National Bullying Prevention Month
I bet every one of you reading this knows a bully. I’m pretty sure each of you probably either experienced bullying first hand as a child or adolescent or you were witness to bullying behaviors in others. You may have even been the bully, but let’s hope not. This month is National Bullying Prevention Month and I encourage you to think outside of the normal “bully box.”
I want to first level the playing field with a common definition of bullying. The definition below comes from the National Bullying Prevention Center on pacer.org. Although definitions of bullying vary, most agree that an act is defined as bullying when:
- The behavior hurts or harms another person physically or emotionally. Bullying can be very overt, such as fighting, hitting or name calling, or it can be covert, such as gossiping or leaving someone out on purpose.
- It is intentional, meaning the act is done willfully, knowingly and with deliberation.
- The targets have difficulty stopping the behavior directed at them and struggle to defend themselves.
You see, often times when we hear about bullying in the media it is in relation to gender, race, ethnicity or sexual preference. I am in no way belittling any form of bullying. All forms are wrong, wrong, wrong. What I want to point out is that frequently weight-related bullying is not reported.
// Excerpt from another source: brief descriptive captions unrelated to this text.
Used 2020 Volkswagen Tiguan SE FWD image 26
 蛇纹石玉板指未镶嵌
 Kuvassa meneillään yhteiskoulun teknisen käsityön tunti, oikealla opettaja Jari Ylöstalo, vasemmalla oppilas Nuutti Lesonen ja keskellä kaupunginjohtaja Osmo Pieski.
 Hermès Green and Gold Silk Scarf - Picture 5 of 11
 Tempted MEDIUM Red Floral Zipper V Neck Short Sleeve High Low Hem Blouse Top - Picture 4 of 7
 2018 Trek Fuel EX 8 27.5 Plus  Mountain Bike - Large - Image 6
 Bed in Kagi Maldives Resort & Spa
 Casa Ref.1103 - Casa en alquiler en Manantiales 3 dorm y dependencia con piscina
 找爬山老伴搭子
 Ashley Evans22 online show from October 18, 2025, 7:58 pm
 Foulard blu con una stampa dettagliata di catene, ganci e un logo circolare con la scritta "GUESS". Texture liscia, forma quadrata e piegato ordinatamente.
Whether this is because those who would report it are too embarrassed or because those to whom the incidents would be reported fail to carry through with addressing the situation, we do not know.
So often we only think of bullying in relation to children or adolescents; however, this behavior is alive and well among us “grown-ups.” A recent example of bullying behavior has drawn quite a bit of national attention when Wisconsin reporter Jennifer Livingston received an email from a viewer who felt it was his calling in life to make her aware of her weight. He also stated she was not an appropriate role model for young girls who may see her reporting. Jennifer, a beautiful, articulate mother of three young girls decided not to “just take it.” Instead, she chose to stand up for herself, for all of us really, by responding to this uninvited, unwelcomed, intentional, emotionally hurtful comment. Jennifer’s response was one of the most appropriate and eloquent responses I could ever imagine someone making. What was the result of her on-air response? Lots and lots of comments, the majority of which were supportive; of course, there were also the naysayers. Many people have challenged whether this behavior constitutes bullying.
What we do know is that obesity is the last socially acceptable form of discrimination. Those of us with a socially moral conscious know that bullying on all levels is wrong. I know that Jennifer Livingston stood up to her bully. She called him out, she told him he was wrong and to leave her alone. I know the only way we will ever change the public perception of obesity is to be more like Jennifer and to call out every bully every time. Kudos to Jennifer Livingston. Mr. Krause has now apologized to Ms. Livingston and she has accepted his apology. See, that’s how us grown-ups are supposed to communicate.